Any picture must be dropped, but each line of the data should be duplicated exactly.

▶ **Data segment**:
BEGIN
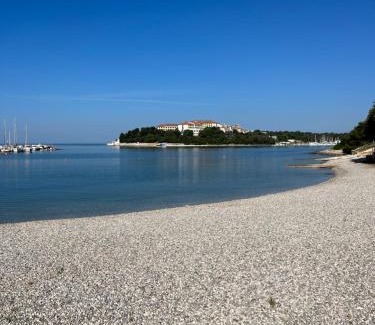 Pjescana Uvala Apartment | Adriatic View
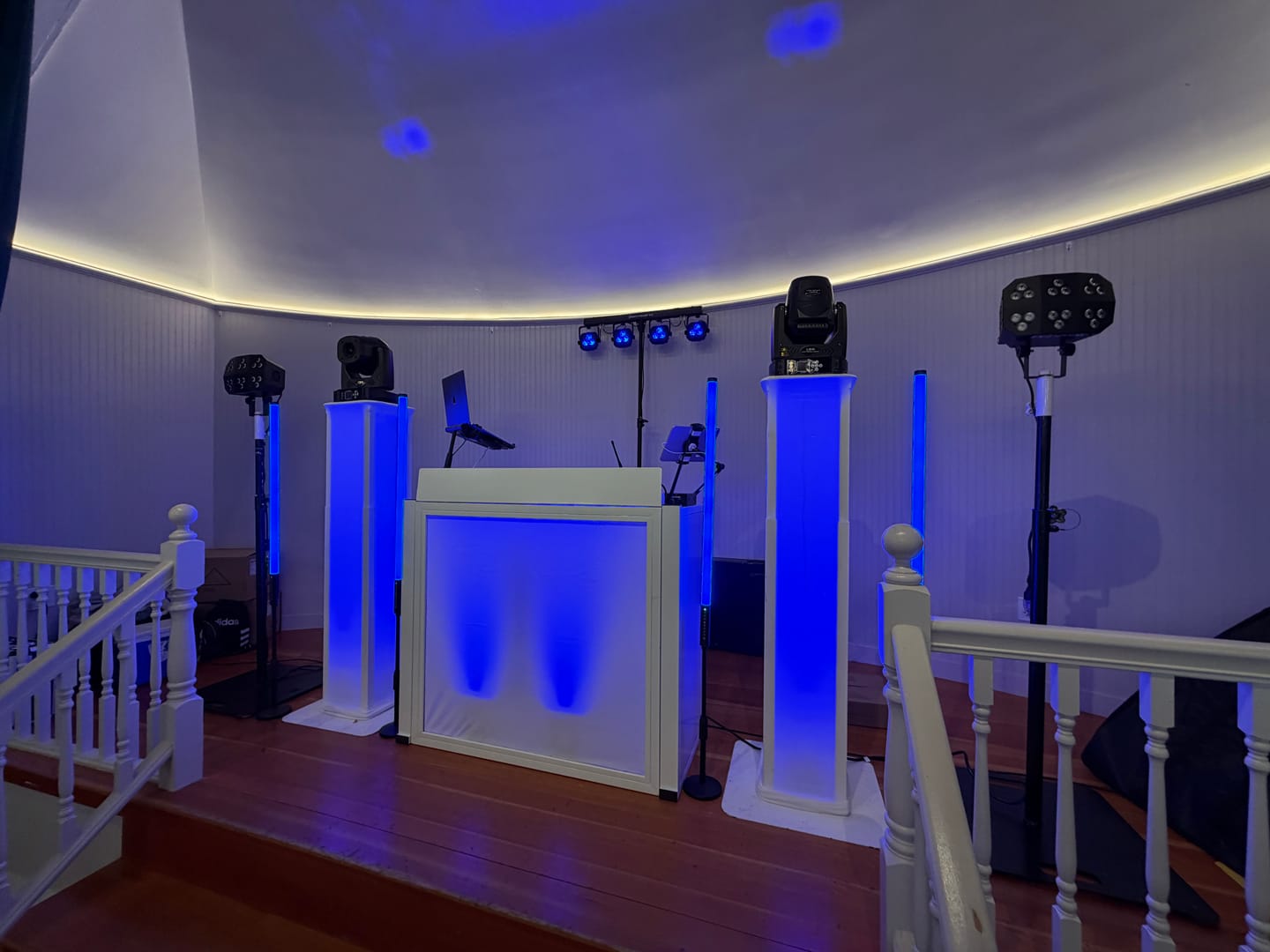 Customer photo review of Headliner HL30081 Solana Portable DJ Booth with Carry Bag - White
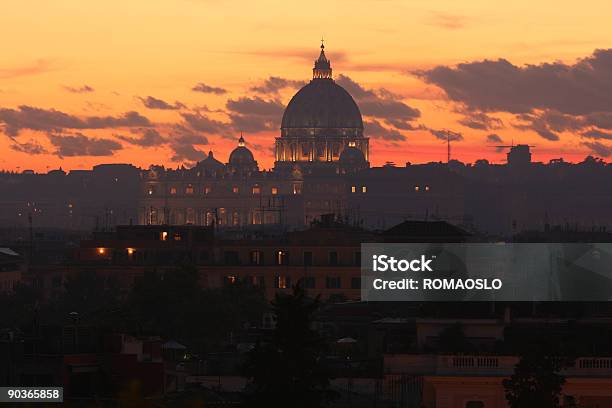 Photo libre de droit de Basilique Saintpierre Au Crépuscule banque d'images et plus d'images libres de droit de Basilique - Basilique, Vatican, Basilique Saint-Pierre - Vatican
END
▶ **Completed task**:
 Pjescana Uvala Apartment | Adriatic View
 Customer photo review of Headliner HL30081 Solana Portable DJ Booth with Carry Bag - White
 Photo libre de droit de Basilique Saintpierre Au Crépuscule banque d'images et plus d'images libres de droit de Basilique - Basilique, Vatican, Basilique Saint-Pierre - Vatican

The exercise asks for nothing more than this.